The legend of the East Village’s greatest photographer
Peter Hujar (1934–1987) is your favourite photographer’s photographer – a man who lived independently, crafting a life in downtown Manhattan that flourished between the Stonewall uprising of 1969 and the AIDS crisis of the 1980s.
Inside his East Village loft, Hujar mastered his craft, pursuing the art without the burdens of commerce. Liberated from the strictures of the market, Hujar created a body of work that is as broad in subject matter as it is refined in technique and as original in perspective.
A new exhibition, Peter Hujar: Speed of Life, looks at the work the legend left behind, three decades after his death. The show presents 140 photographs drawn from the Morgan Library & Museum, New York, the most comprehensive public collection of the artist’s work. Curated by Joel Smith, the exhibition adopts the traditional retrospective format while staying true to Hujar’s vision.

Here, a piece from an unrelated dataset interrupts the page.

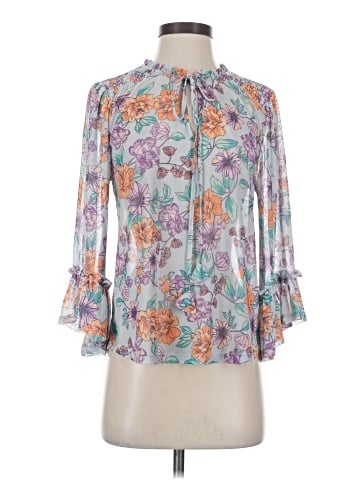 Mystree 3/4 Sleeve Blouse (view 1)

“Hujar was a fully rounded artist for whom a portrait was the model for what art could be,” Smith reveals. “He wanted to deliver an empathetic, living image of his subject: intensely clear, but respectful of mysteries behind the surface. His landscapes, waterscapes, night views, still lifes, skyscrapers, interiors of ruins, are spellbinding, gorgeously printed — and interrelated. Hujar knew it all added up; whenever he could, he showed the most diverse facets of his work side by side. But not only did his career end far too soon; he never had the chance, or instinct, to spell out what held his art together, or to broadcast it to the world.”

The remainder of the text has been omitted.